**REQUIREMENT:** Your reply should consist only of the lines from the one with "Casque de sécurité" through the end of the entries, transcribed exactly. Pictures stay out.

*** AVAILABLE DATA Section Begins ***

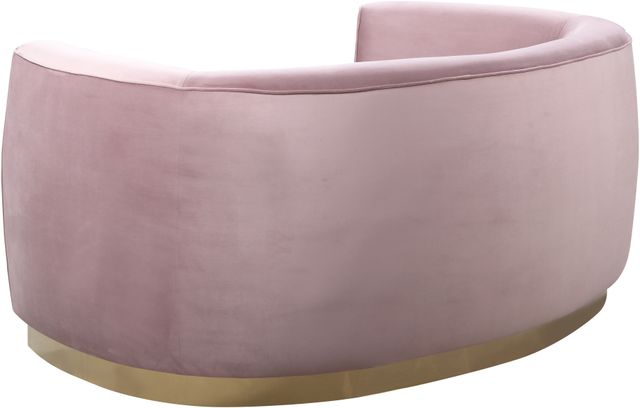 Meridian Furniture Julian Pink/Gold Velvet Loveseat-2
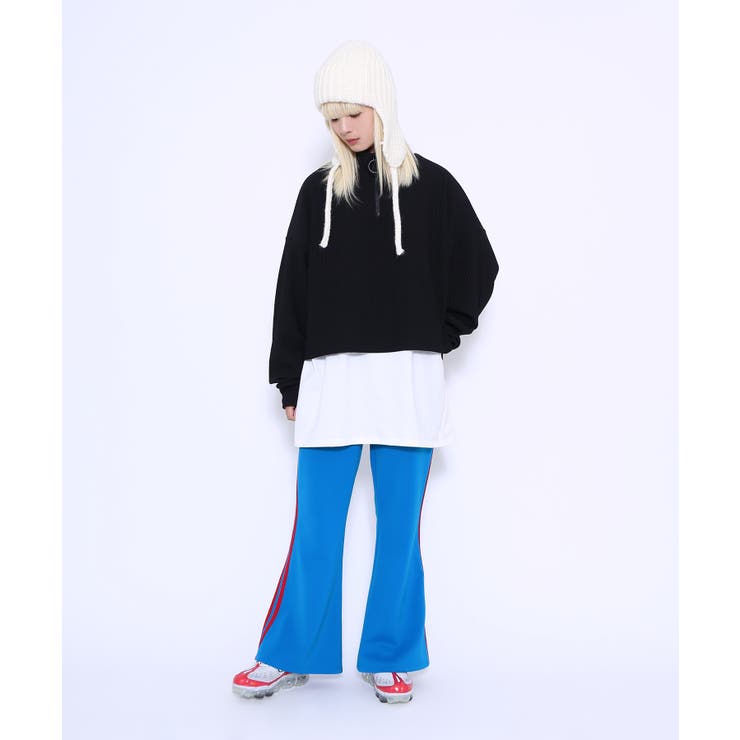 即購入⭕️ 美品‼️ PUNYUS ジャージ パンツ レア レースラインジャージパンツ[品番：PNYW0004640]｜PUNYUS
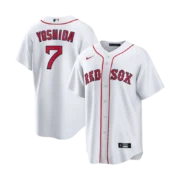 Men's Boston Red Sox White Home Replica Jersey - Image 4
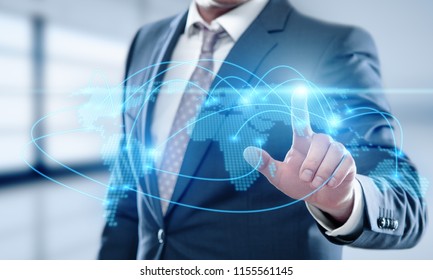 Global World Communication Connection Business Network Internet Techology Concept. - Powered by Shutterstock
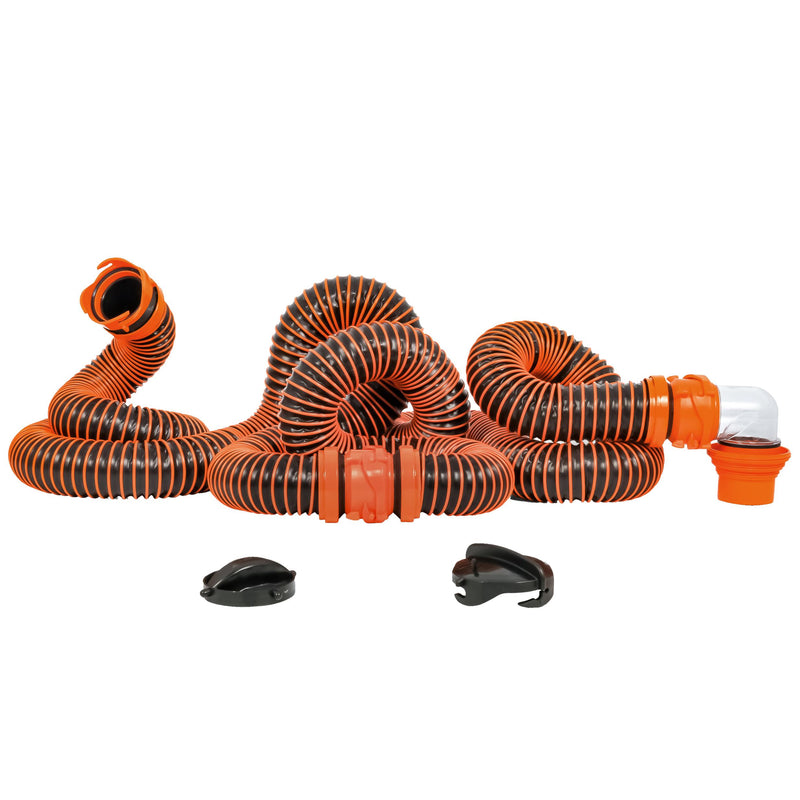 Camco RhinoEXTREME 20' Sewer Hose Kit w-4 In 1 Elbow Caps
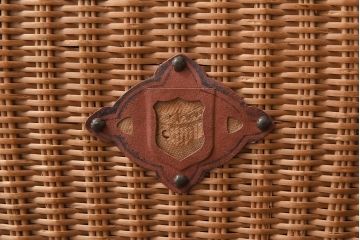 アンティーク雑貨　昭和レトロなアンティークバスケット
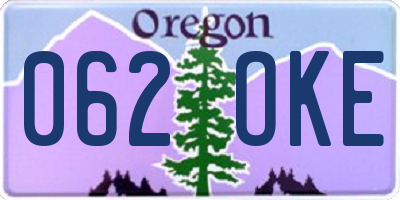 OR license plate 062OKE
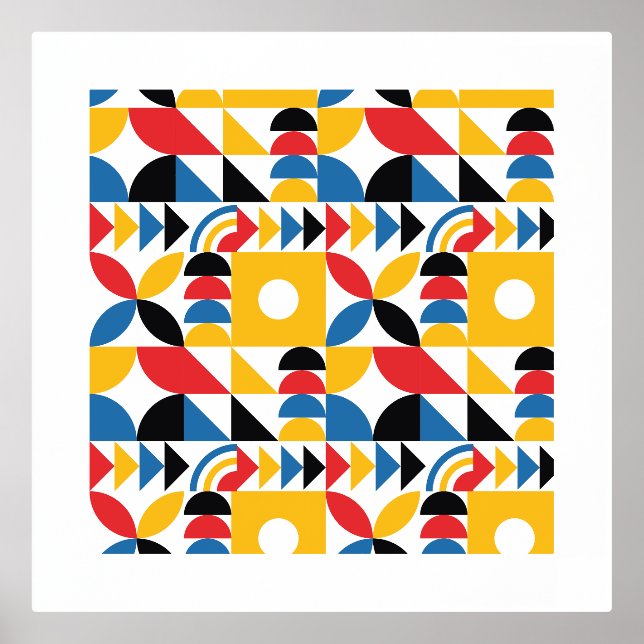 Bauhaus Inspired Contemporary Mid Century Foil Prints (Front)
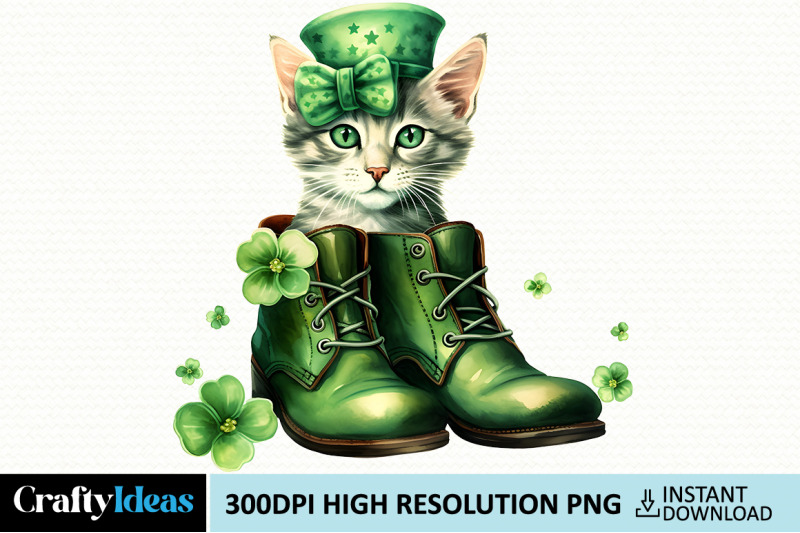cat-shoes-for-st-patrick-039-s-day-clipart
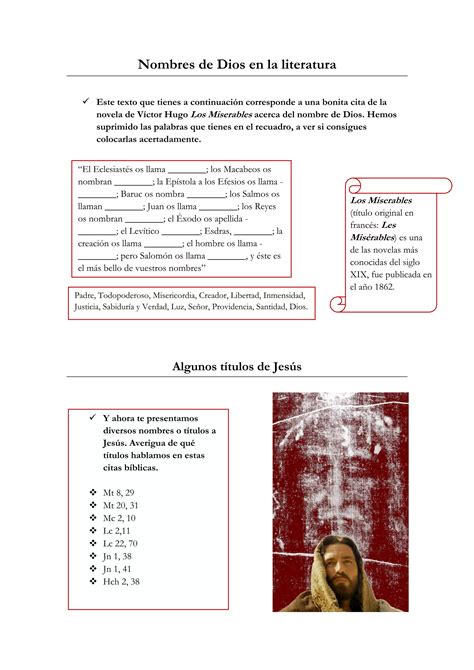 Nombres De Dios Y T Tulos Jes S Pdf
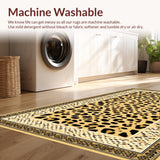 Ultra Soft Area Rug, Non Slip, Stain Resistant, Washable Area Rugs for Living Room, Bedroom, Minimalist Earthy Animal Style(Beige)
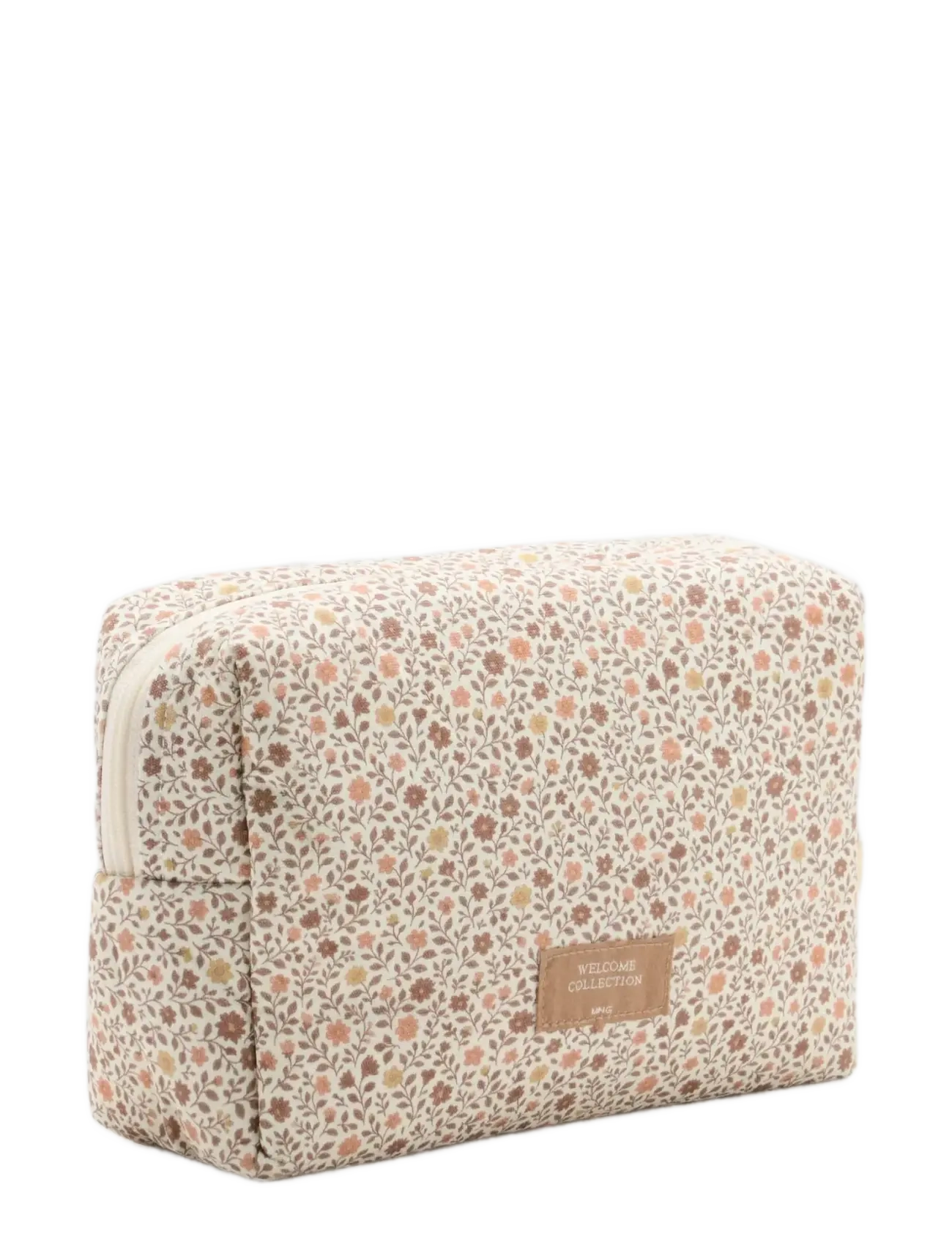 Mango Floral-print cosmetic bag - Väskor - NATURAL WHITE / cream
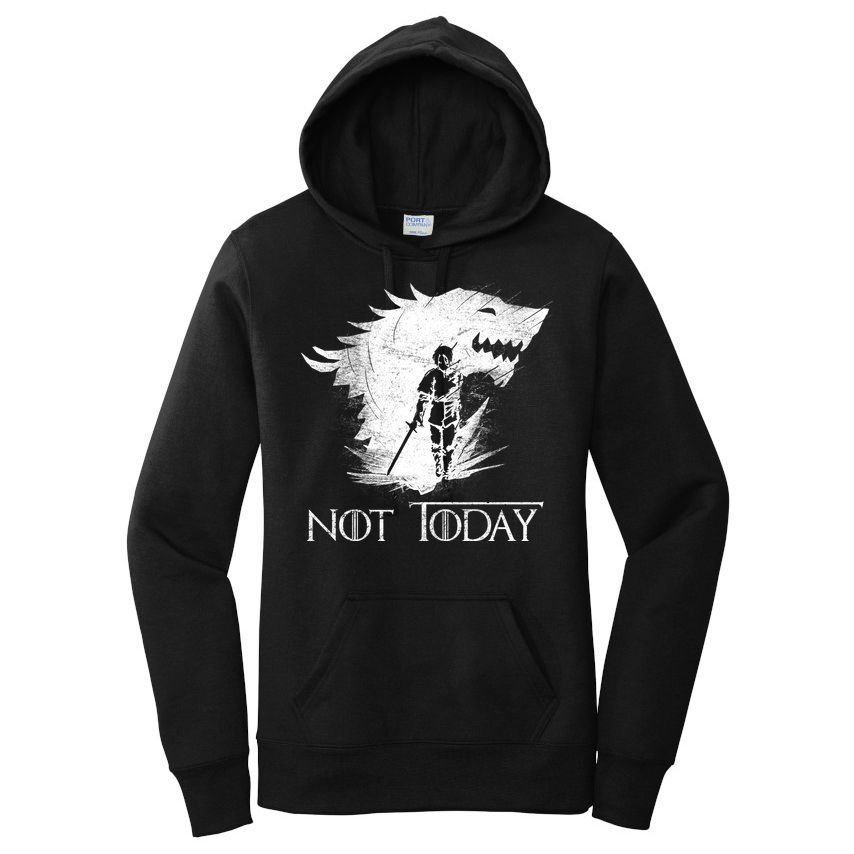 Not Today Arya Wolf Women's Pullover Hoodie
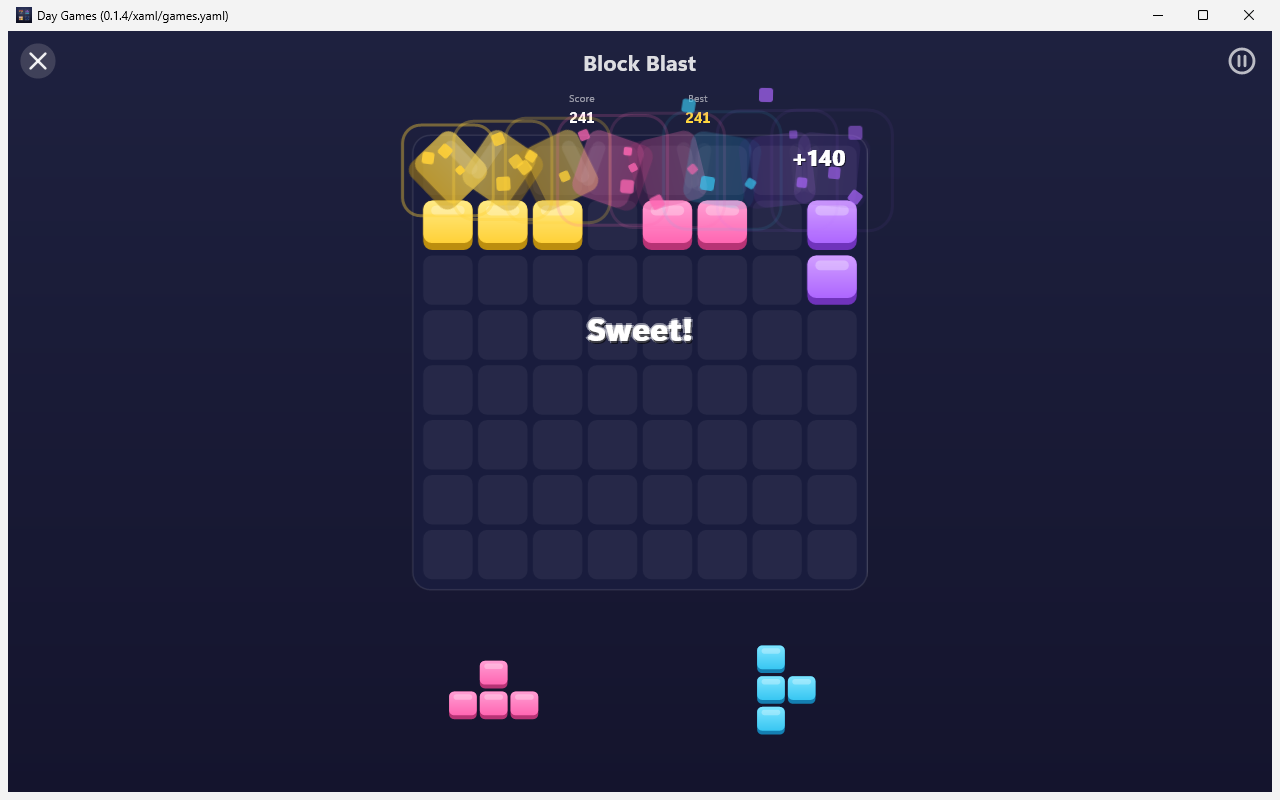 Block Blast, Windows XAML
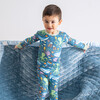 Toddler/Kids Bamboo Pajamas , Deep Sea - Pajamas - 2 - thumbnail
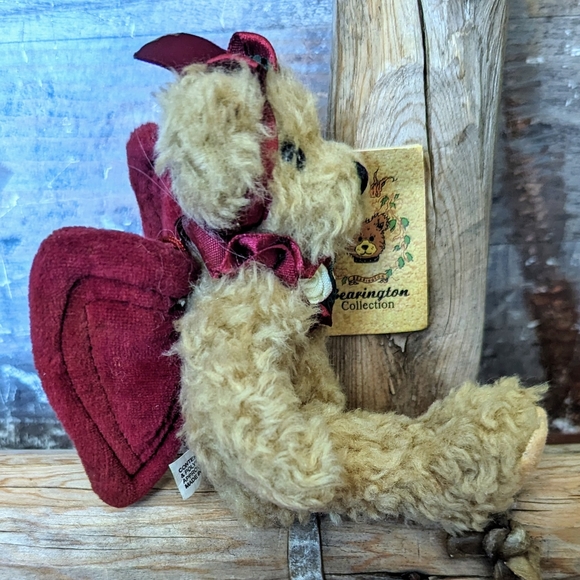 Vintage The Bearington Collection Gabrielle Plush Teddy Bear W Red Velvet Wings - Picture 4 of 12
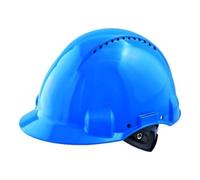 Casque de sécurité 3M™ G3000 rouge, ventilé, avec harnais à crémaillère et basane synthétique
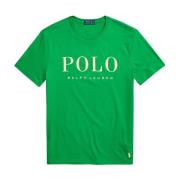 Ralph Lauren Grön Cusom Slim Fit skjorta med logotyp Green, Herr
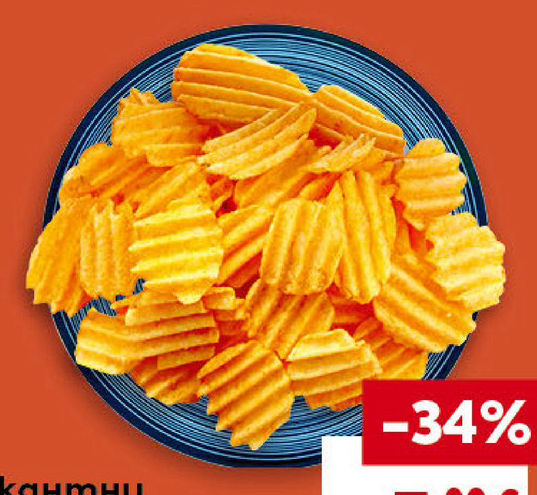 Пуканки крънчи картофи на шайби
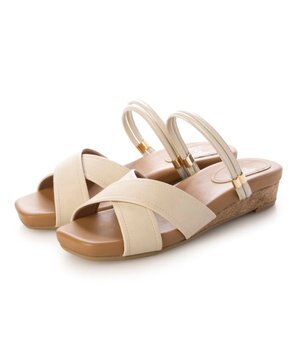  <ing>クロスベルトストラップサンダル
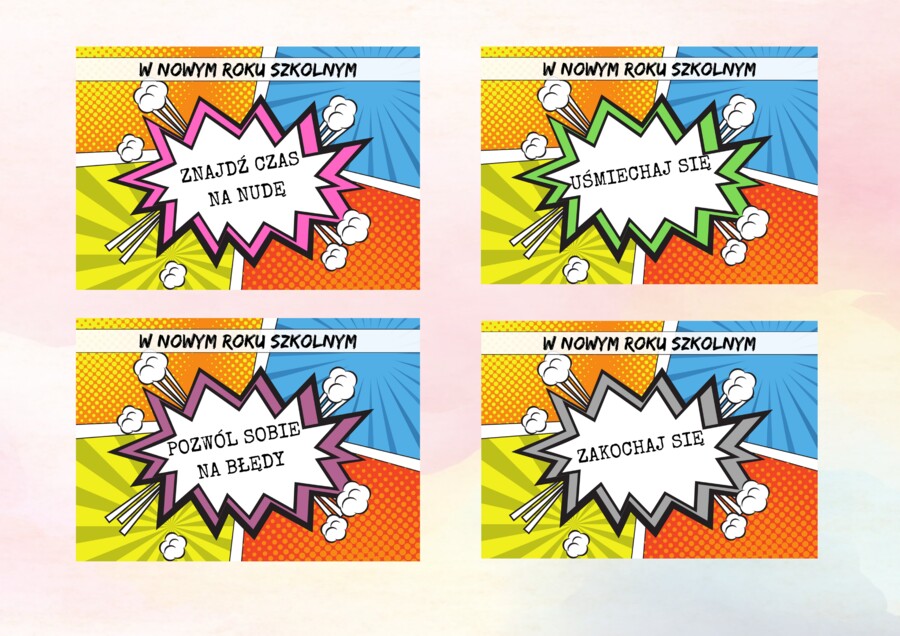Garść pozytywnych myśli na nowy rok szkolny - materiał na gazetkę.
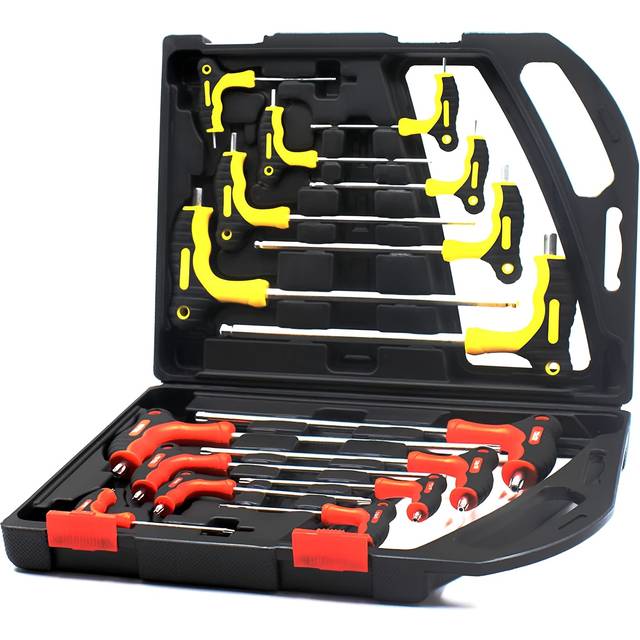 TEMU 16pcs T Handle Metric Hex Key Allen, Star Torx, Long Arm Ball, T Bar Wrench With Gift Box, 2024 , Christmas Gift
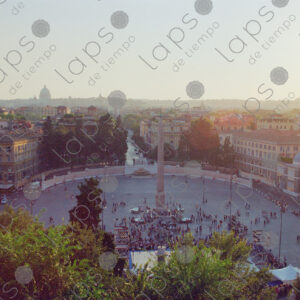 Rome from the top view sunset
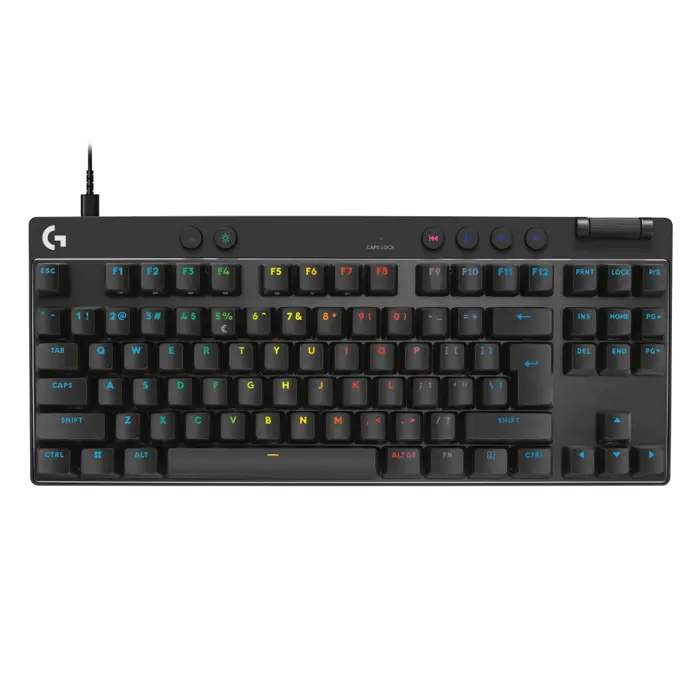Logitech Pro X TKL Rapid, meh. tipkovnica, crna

*** AVAILABLE DATA Section Ends ***

**RESULT BELOW:**
 Casque de sécurité 3M™ G3000 rouge, ventilé, avec harnais à crémaillère et basane synthétique
 Ralph Lauren Grön Cusom Slim Fit skjorta med logotyp Green, Herr
 Пуканки крънчи картофи на шайби
  <ing>クロスベルトストラップサンダル
Garść pozytywnych myśli na nowy rok szkolny - materiał na gazetkę.
 TEMU 16pcs T Handle Metric Hex Key Allen, Star Torx, Long Arm Ball, T Bar Wrench With Gift Box, 2024 , Christmas Gift
 Rome from the top view sunset
Logitech Pro X TKL Rapid, meh. tipkovnica, crna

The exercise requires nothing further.